Functional expression of the eotaxin receptor CCR3 in CD30+ cutaneous T-cell lymphoma

Little is known about mechanisms involved in skin-specific homing of cutaneous T-cell lymphoma (CTCL). Chemokine/chemokine receptor interactions have been implicated in the homing of lymphoma cells to various tissue sites. We investigated tissue samples and tumor cell suspensions of patients with CD30(+) CTCL (n = 8) and CD30(-) CTCL (mycosis fungoides, n = 6; Sezary syndrome, n = 6) for expression of the chemokine receptors CCR3, CCR4, and CCR8 and the CCR3 ligands eotaxin/CCL11, monocyte chemoattractant protein 3 (MCP-3)/CCL7, and RANTES (regulated on activation, normal T expressed and secreted)/CCL5. Of 8 CD30(+) CTCLs, 7 expressed CCR3, 4 CCR4, and none CCR8. CCR3 expression was not found in skin tissue samples from 12 CD30(-) CTCLs.
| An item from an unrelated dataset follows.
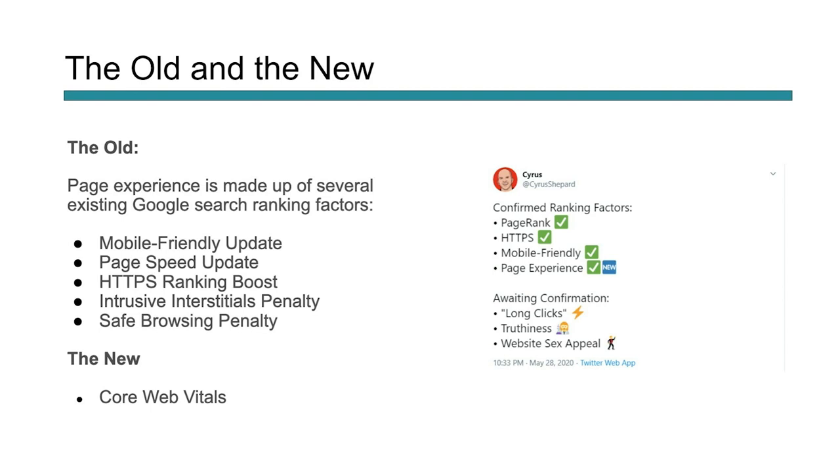This is a tweet from Cyrus Shepard — you might know him from Moz and Whiteboard Fridays. These are the things that we do know: PageRank, confirmed ranking signal; HTTPS, confirmed ranking signal; mobile experience, confirmed ranking signal, all from Google. And now we know for sure page experience is coming as a core ranking signal, something they're going to be adding into their search algorithm to rank a page.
Coexpression of CCR3 and CD30 was demonstrated by flow cytometry in tumor cell suspensions. Internalization experiments demonstrated functionality of CCR3 expressed by freshly isolated tumor cells. Actin polymerization as well as migration in response to eotaxin was demonstrated in a CD30(+) cutaneous lymphoma cell line. CCR3 ligand eotaxin/CCL11 was detected in lesional skin of CD30(+) CTCL by immunohistochemistry, preferentially in tumor cells. Eotaxin/CCL11 expression in tumor cells was confirmed by intracellular immunofluorescence. Analysis of cytokine expression pattern of CCR3-bearing infiltrating cells showed a predominance of interleukin-4 (IL-4) but not interferon-gamma (IFN-gamma) protein expression,1 consistent with a T-helper 2 (rh-2) profile. These results suggest that expression of CCR3 and its ligand eotaxin/CCL11 plays a role in the recruitment and retention of CD30(+) malignant T cells to the skin.